LIBERO AD ALTA VOCE di Stefano Laboragine


Il 2012 è stato dichiarato dall’Onu: Anno Internazionale delle cooperative, dove il concetto della cooperazione viene valorizzato in tutte le diverse modalità, attraverso le quali il principio del “fare insieme” assuma le più disparate forme, dalla solidarietà, al lavoro, alla creatività. 
Anche quest’anno la città di Bologna è stata protagonista dell’iniziativa promossa da Coop Adriatica: “Ad alta voce”, che ha lo scopo di promuovere “Ausilio per la Cultura”: il prestito bibliotecario a domicilio per anziani e disabili, realizzato grazie all’impegno dei tanti soci volontari.
Illustri personaggi della cultura Italiana, impegnati in diverse location, hanno letto pubblicamente brani tratti da libri da loro scelti.  La manifestazione ha preso il via da uno dei più importanti luoghi storici del novecento della città: l’Archivio storico della CGIL. In un contesto che da solo racconta decenni di storia di diritti e lotte per il lavoro, si sono alternati alla lettura Ferruccio Brugnaro, Walter Passerini, Salvatore Striano e Vitaliano Trevisan.
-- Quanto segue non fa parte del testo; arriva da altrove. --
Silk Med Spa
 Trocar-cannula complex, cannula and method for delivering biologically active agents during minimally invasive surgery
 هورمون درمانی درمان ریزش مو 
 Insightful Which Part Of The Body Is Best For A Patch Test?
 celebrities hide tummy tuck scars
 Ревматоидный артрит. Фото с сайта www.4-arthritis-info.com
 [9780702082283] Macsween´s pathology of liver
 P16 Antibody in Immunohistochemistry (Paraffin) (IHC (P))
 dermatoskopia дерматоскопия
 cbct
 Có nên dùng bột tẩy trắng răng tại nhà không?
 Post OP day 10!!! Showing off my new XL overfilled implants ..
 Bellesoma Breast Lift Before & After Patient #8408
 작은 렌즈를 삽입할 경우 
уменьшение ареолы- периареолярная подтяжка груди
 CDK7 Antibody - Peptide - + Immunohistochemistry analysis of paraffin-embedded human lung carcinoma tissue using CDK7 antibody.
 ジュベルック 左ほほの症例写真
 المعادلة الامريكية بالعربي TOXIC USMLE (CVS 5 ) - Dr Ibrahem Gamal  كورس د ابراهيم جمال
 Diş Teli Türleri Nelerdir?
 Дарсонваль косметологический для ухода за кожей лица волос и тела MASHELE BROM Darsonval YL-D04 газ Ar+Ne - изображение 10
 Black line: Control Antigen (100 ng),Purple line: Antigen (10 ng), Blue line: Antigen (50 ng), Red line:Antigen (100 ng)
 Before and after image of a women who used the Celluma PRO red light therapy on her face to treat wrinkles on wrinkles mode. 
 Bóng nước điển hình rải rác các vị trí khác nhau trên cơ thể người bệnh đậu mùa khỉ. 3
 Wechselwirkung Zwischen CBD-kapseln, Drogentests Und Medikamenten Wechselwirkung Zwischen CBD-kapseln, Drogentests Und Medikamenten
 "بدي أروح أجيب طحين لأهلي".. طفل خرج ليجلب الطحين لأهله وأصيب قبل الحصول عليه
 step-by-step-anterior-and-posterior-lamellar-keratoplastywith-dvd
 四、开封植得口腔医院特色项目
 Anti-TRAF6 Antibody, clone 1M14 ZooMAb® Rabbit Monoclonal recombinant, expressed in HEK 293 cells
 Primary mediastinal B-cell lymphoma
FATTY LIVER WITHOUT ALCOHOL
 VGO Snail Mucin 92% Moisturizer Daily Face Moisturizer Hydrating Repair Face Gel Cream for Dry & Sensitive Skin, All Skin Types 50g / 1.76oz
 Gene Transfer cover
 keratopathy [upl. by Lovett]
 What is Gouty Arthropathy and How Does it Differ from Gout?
Personalità diverse per formazione, esperienze e cultura. Le letture si sono avvicendate nell’atmosfera di silenzio e rispetto che il luogo suggeriva. La scelta dei testi è stata, in una certa misura, contestualizzata allo spazio della declamazione, parlando di lavoro, di mobilità, di precariato, di sfruttamento. Senza dubbio, il personaggio che più di tutti ha richiamato la curiosità dei numerosi partecipanti è stato Salvatore Striano.
Striano, detto Sasà è un ragazzo napoletano che ha alle spalle otto anni di carcere e un vero percorso di “riabilitazione”: questa brutta parola che si adopera per indicare le attività di risalita civile e sociale dei detenuti, come se fossero degli invalidi, dei portatori di protesi che riprendono a camminare con delle gambe artificiali. Salvatore ha frequentato, con notevoli risultati, i corsi di recitazione messi a disposizione dal penitenziario e oggi è un vero attore. Ha recitato nel ruolo difficile dello “scissionista” in “Gomorra” del 2008 diretto da Matteo Garrone, ed è uno dei protagonisti di “Cesare deve morire” dei fratelli Taviani, film italiano candidato all’Oscar.
Roberto Morgantini me lo presenta.
Nei suoi occhi scuri c’è il riflesso sveglio dello scugnizzo, delle tante infanzie costruite per i vicoli complicati e stretti di Napoli, dove si nasconde tanta vita che spesso si confonde,  fino ad attecchire, col più pericoloso termine di “mala”. Ha tra le mani un libretto dalla copertina rossa che tormenta tra le dita perché ansioso di renderne pubblico il contenuto, felice di condividere con noi la storia dei giorni intensi del suo ultimo set. E’ bravo Salvatore, è la critica – prima di me – a riconoscergli le caratteristiche dell’attore “impegnato”, ma Sasà è soprattutto un esempio, l’emblema di come gli “errori” commessi dall’uomo, possono essere veicolati verso riflessi di luce più giusti, capaci di far vedere il mondo con lo sguardo e le pupille ripulite dall’opacità del male, dell’illegalità. Quante esistenze si ritrovano intrappolate nelle gabbie della punizione perché condannate dal destino, perché incapaci di immaginarsi una vita diversa? E soprattutto: quanti uomini riescono ad avere gli impulsi giusti dentro le carceri, tali da alimentargli la Speranza? Nel carcere se molli la presa sulle braccia della Speranza, sei finito, cadi nel pozzo della paura, nell’incubo del buio, non riesci a risalire, non hai futuro né dentro, né fuori dalle mura alte e dello stesso colore del penitenziario. Salvatore Striani ce l’ha fatta perché si è aggrappato con la forza alla Speranza, perché ha scoperto i libri, ha conosciuto il teatro, si è – con i sacrifici e le rinunce – “inventato” il futuro. Ora il futuro è il “suo” presente, suo perché lo ha conquistato da solo, con la sete di riscatto. Voglio pensare che l’esperienza di questo ragazzo, diventi la speranza per i tanti giovani che non riescono più a inventarsi un sogno.